Grudin: The Case Against User Interface Consistency

by Carson Reynolds

Many expert’s heuristics and experimental results support consistency. However we must first define consistency, discriminate between different approaches to consistency, and determine when other concerns overshadow it. Consistency, however, has proven a difficult to define. The article argues that consistency ought not to be the designer’s primary concern, but rather “users and their work.” Interestingly, Grudin sees those interested in consistency because of the “possibility of automating the design and evaluation of some aspects of interfaces.” However, he sees consistency as a “largely unworkable concept.” The article moves ahead to present examples where interface inconsistency improves usability.
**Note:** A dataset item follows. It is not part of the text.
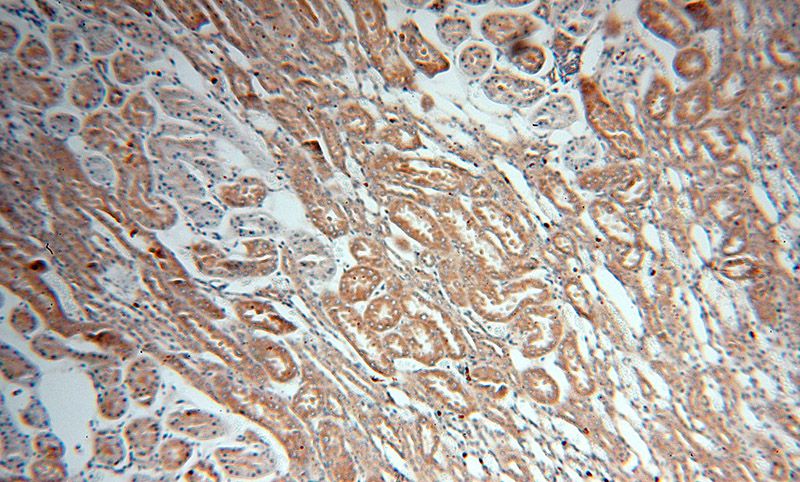 Immunohistochemical of paraffin-embedded human kidney using Catalog No:110525(FARSA antibody) at dilution of 1:100 (under 10x lens)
Grudin articulates 3 types of consistency:

  • Internal consistency of an interface design.
  • External consistency of interface features with features of other interfaces familiar to the users.
  • Correspondence of interface features to familiar features of the world beyond computing.

Grudin moves on to argue that while consistency supports ease of learning, it is in conflict with ease of continued use. After examining different possible keyboard arrangements, Grudin concludes that consistent, learnable interfaces are a hinderance to continued ease of use. After further examining different consistent rules that could be applied to menu defaults, Grudin finds that “no tool to produce or check for interface consistency cold handle this interface design, unless it contained detailed knowledge of the users.”

Grudin concludes by seeking a synthesis of consistency and inconsistency. He argues that task considerations should override consistency, but retreats from this a bit. But mainly he argues that better understanding of users and their work environments will help interface design more than monomaniacal application of guidelines.